1. to have quick and spontaneous sexual intercourse with both parties fully or partially dressed.

[UK]Grose Classical Dict. of the Vulgar Tongue n.p.: To take a flyer, to enjoy a woman with her clothes on, or without going into bed.
[UK]Lex. Balatronicum [as cit. 1785].
[UK]Egan Grose’s Classical Dict. of the Vulgar Tongue.
[UK]Farmer Vocabula Amatoria (1966) 31: Faire une barbe. To copulate; ‘to take a flyer’.

2. to go out on a spree.

[US]I.L. Allen City in Sl. (1995) 65: To go on a tear, to take a flyer, or especially to make whoopee was the way nightlifers spoke of these tamer sprees in the 1920s.

3. (US) to take a chance, to gamble, esp. financially.
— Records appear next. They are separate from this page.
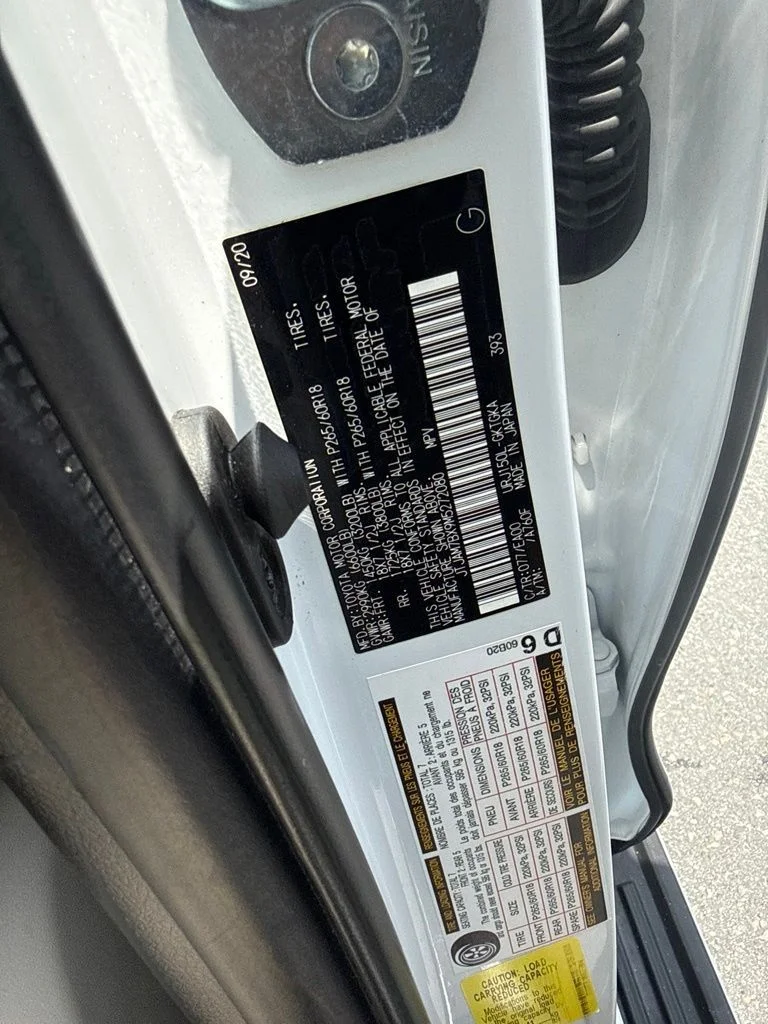 Used 2021 White Lexus 460 image 24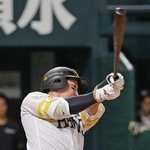 　３回ソフトバンク２死一塁、栗原が右越えに２打席連続となる２ランを放つ＝みずほペイペイドーム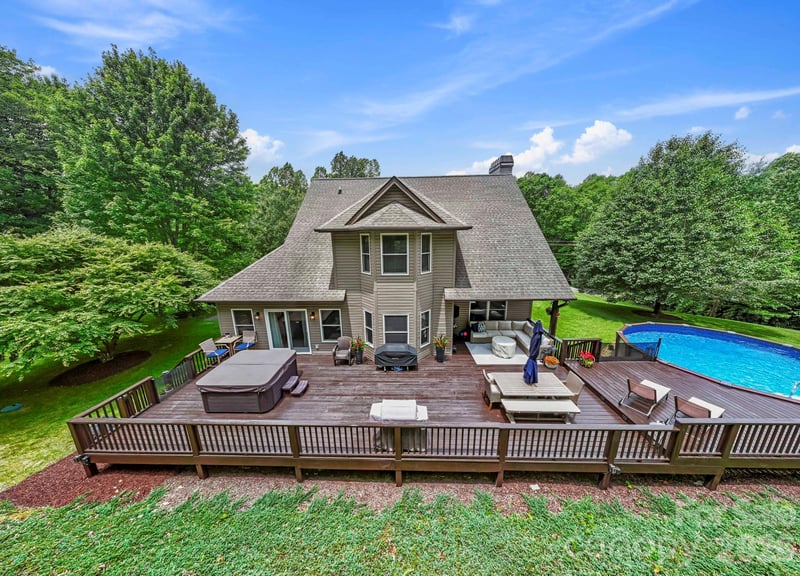 21 School House Rd, Pisgah Forest, NC 28768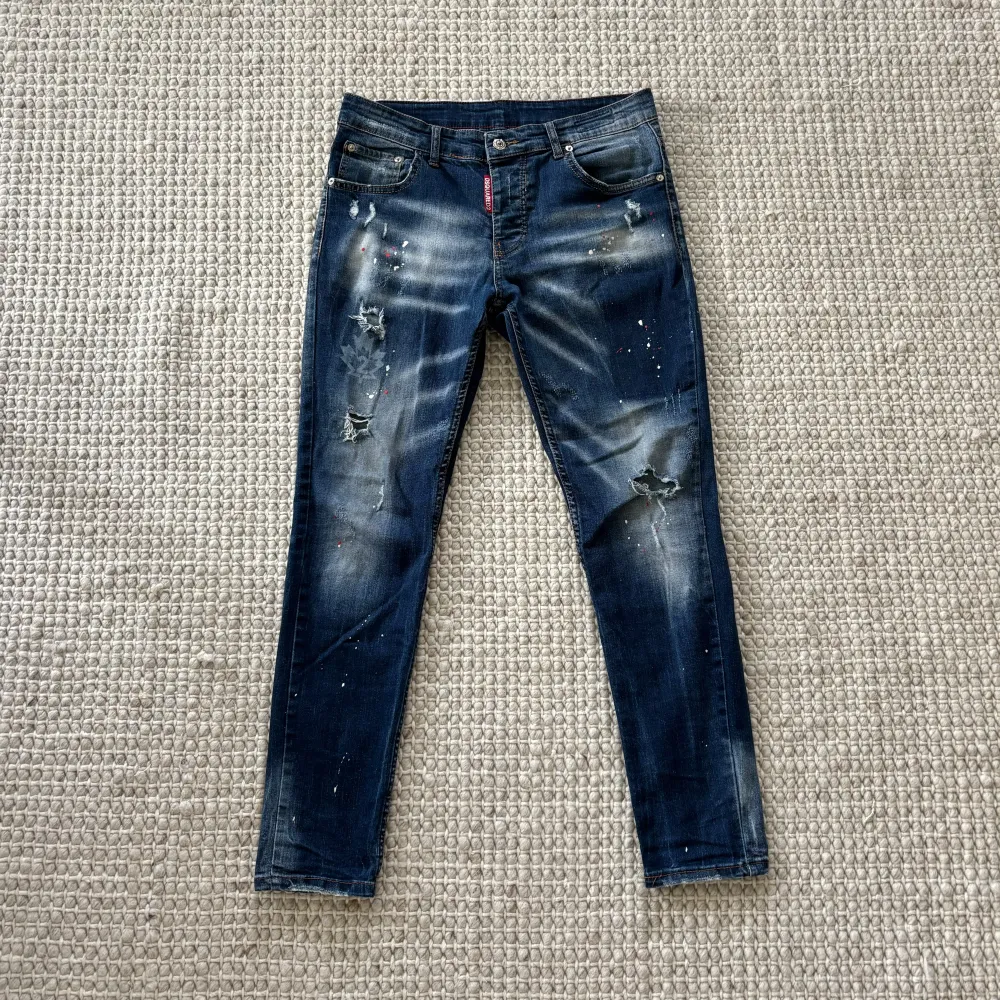 Säljer nu mina, DSquared2 Jeans. De är i mycket bra skick, använd ett fåtal gånger. Självklart äkta, skriv jättegärna till mig vid funderingar.👌. Jeans & Byxor.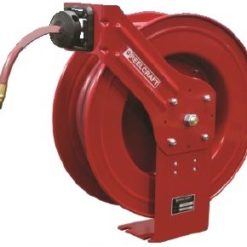 En Slangvinda modell ALC607RF Ø3/8" Max 21m 21 Bar slangupprullare med slang monterad.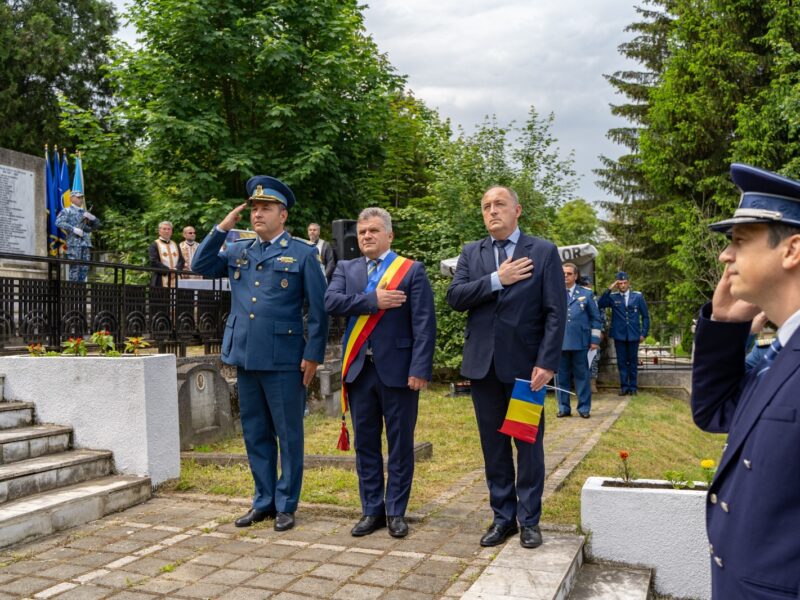 foto ceremonialuri militare și religioase dedicate zilei eroilor la mediaș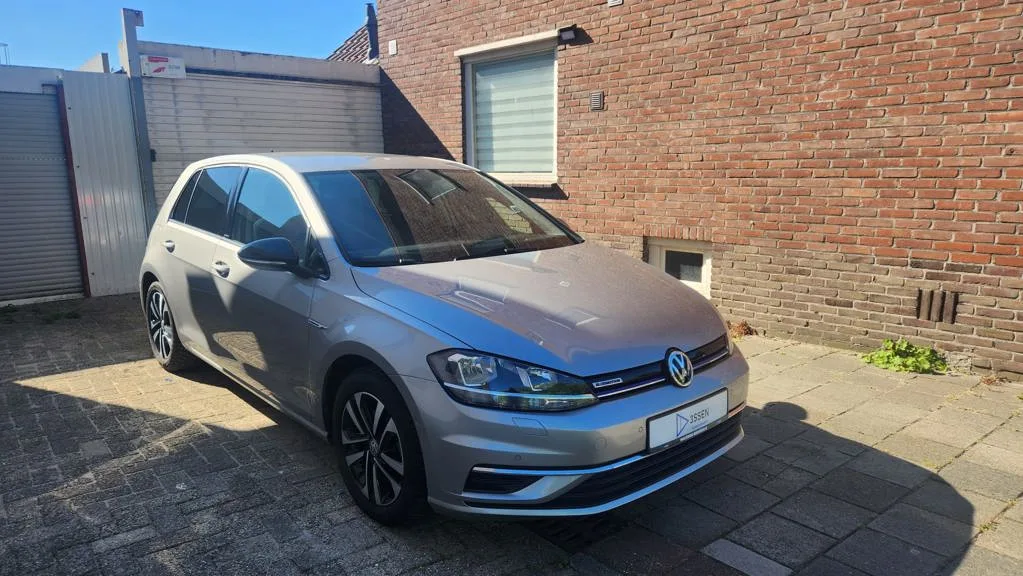Volkswagen Golf (2020) — foto 1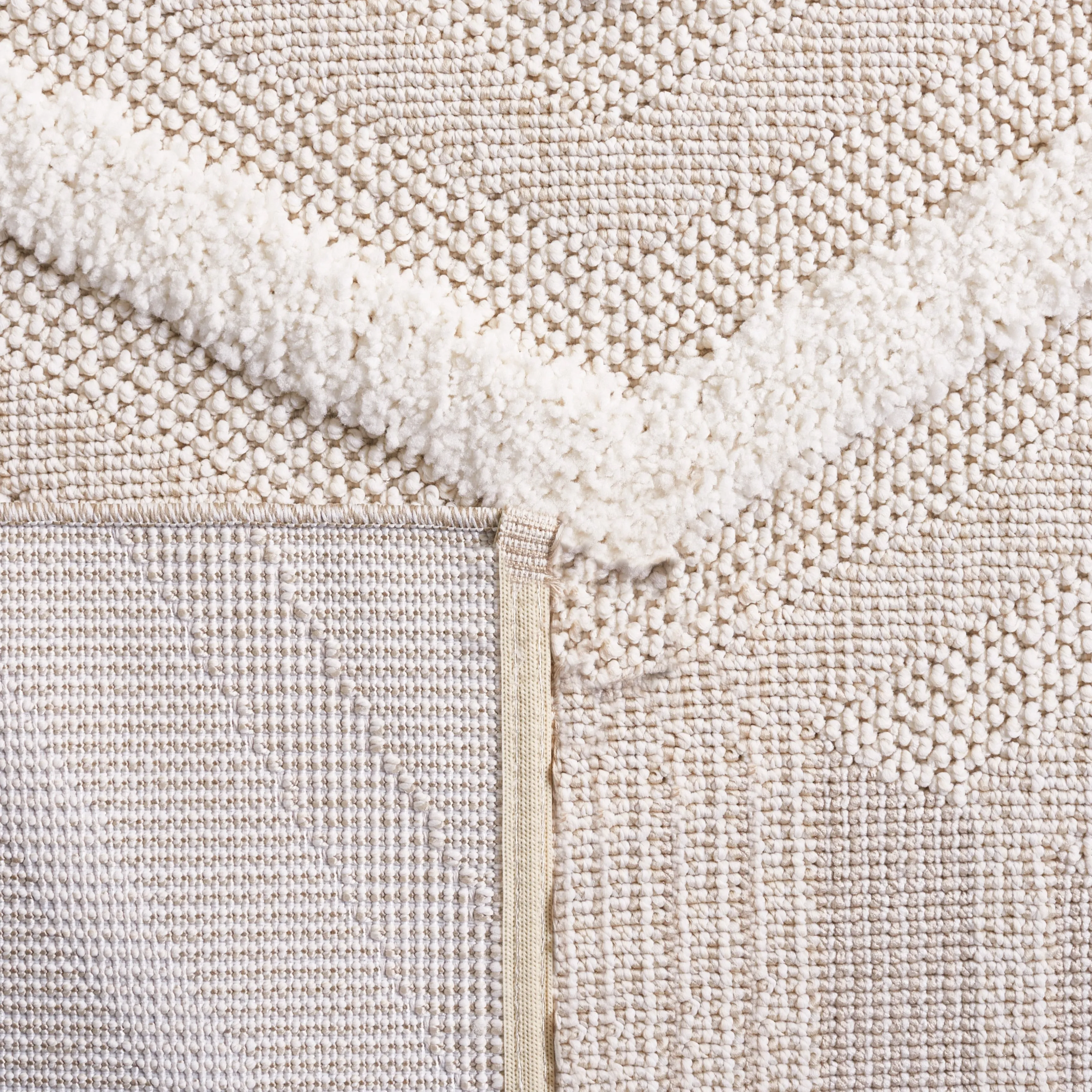 SAFAVIEH Trends Delilah Mid-Century Modern Rug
[US]W.W. Fowler Ten Years in Wall Street 37: As for those who take ‘flyers’ in one or two hundred shares, they are a great host whom no man can describe, much less enumerate.
[US]H. Blossom Checkers 8: I ’m jes’ takin’ a flyer on her to win today.
[US]H. Green Actors’ Boarding House (1906) 158: The hotel’s staff read ‘the dope’ daily and took a flyer, one and all.
[US]‘O. Henry’ ‘Man About Town’ Four Million (1915) 84: The oldest girls are eagerly perusing the financial reports, for a certain young man remarked [...] that he had taken a flyer in Q., X. & Z.
[US]T.A. Dorgan Daffydils 23 Nov. [synd. cartoon strip] If a woman took a flyer in Wall Street would the street cleaner?
[US]H.C. Witwer Fighting Blood 264: Me and Nate and Kayo Kelly has already took a flyer in something apart from the ring.
[US](con. 1920s) J.T. Farrell Judgement Day in Studs Lonigan (1936) 521: He had taken this flyer on Imbray Stock [...] as if it were nothing more than risking a few shekels in a crap game.
[US](con. 1920s) Dos Passos Big Money in USA (1966) 747: He [...] took a flyer for the bit money in connection with a pulpmill started in Maine.
[US]Goldin et al. DAUL 218/1: Take a flier. 1. To commit a crime of gain impulsively, with no foreknowledge or plan. 2. To act impulsively or without plan.
[US] in T.I. Rubin Sweet Daddy 106: Sometimes I take a flyer but mostly I play it both feet on the ground.
[US]J. Thompson Texas by the Tail (1994) 151: Financing? We’ll take a flier on almost anything.
[US]L. Kramer Faggots 20: [It belonged to] Piping Rock sportsmen taking a flyer.
[US]G. Liddy Will (con. 1973) 328: [A] college professor, who had taken a flyer on a marijuana venture, was released on bond .
[US]J. Lansdale Bad Chili 203: They [...] decided you guys had a connection, took a flyer and toted Hap out to the woods.
[UK]K. Sampson Outlaws (ms.) 145: I [...] half thought maybe I could’ve just took a flier and that, could’ve just done a runner and hoped for the best.
[US]J. Stahl I, Fatty 258: He figured what the heck. He’s take a flyer.

4. (US prison) to escape from prison.

[US]Bentley & Corbett Prison Sl. 109: Takin’ a Flier A seldom used expression meaning to escape from prison.

5. to escape, to run away from.

[US]M. Spillane Long Wait (1954) 115: She took a flyer on Lenny and so what.